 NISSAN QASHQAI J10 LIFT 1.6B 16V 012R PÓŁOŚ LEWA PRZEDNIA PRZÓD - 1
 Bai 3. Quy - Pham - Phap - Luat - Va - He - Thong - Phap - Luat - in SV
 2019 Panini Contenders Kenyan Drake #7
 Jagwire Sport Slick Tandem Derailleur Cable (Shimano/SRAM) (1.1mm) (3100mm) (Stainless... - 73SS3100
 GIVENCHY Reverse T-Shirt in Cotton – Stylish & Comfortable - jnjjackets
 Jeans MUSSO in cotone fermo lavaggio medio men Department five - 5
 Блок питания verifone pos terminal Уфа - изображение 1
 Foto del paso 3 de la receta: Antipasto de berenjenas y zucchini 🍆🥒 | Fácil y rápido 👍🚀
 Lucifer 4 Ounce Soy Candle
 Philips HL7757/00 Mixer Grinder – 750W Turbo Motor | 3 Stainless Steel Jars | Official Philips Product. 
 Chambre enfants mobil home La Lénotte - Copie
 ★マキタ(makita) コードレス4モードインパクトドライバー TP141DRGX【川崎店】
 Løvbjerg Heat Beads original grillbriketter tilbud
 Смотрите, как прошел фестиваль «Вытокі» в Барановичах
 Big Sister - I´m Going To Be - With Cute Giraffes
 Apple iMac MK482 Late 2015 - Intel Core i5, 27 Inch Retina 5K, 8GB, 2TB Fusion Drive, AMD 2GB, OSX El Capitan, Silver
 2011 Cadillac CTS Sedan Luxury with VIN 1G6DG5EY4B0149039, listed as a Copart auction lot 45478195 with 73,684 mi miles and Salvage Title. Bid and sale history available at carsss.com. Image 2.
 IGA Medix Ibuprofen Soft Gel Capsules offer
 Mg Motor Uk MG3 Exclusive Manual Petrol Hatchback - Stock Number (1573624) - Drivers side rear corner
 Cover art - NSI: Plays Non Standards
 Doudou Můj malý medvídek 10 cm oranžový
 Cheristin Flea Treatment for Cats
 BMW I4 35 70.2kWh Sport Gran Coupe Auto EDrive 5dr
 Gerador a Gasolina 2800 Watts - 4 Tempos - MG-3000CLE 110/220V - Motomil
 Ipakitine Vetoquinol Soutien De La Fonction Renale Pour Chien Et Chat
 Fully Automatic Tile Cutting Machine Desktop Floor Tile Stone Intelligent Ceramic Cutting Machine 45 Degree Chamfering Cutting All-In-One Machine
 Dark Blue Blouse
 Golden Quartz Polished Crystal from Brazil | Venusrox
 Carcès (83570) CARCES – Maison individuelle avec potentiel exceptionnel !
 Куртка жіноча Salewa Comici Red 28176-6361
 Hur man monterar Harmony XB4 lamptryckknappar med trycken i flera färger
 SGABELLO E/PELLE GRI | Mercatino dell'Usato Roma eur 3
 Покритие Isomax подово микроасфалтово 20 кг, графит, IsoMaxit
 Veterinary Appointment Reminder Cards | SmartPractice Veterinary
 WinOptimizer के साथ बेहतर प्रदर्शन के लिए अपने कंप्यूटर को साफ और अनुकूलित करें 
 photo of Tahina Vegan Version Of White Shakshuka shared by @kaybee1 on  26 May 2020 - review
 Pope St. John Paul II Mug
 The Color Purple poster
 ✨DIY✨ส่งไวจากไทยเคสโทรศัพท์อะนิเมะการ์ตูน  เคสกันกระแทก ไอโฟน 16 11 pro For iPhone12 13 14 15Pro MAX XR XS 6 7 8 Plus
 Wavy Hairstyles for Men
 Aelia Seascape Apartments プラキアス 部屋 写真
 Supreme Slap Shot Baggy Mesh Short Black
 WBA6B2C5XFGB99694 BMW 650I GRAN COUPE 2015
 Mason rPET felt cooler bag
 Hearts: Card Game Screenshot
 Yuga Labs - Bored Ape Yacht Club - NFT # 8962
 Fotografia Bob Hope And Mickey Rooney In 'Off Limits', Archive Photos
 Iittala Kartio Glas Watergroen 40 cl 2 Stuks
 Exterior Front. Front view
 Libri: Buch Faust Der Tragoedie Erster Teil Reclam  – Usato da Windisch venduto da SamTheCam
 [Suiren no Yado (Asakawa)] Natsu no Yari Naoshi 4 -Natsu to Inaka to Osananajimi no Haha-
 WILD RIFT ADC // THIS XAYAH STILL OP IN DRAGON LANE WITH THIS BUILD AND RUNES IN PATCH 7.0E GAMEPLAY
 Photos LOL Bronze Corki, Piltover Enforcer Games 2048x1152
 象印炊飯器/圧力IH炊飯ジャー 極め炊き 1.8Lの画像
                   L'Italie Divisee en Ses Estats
——
Show the lines of the listing above with "Photos".

 Fotografia Bob Hope And Mickey Rooney In 'Off Limits', Archive Photos
 Photos LOL Bronze Corki, Piltover Enforcer Games 2048x1152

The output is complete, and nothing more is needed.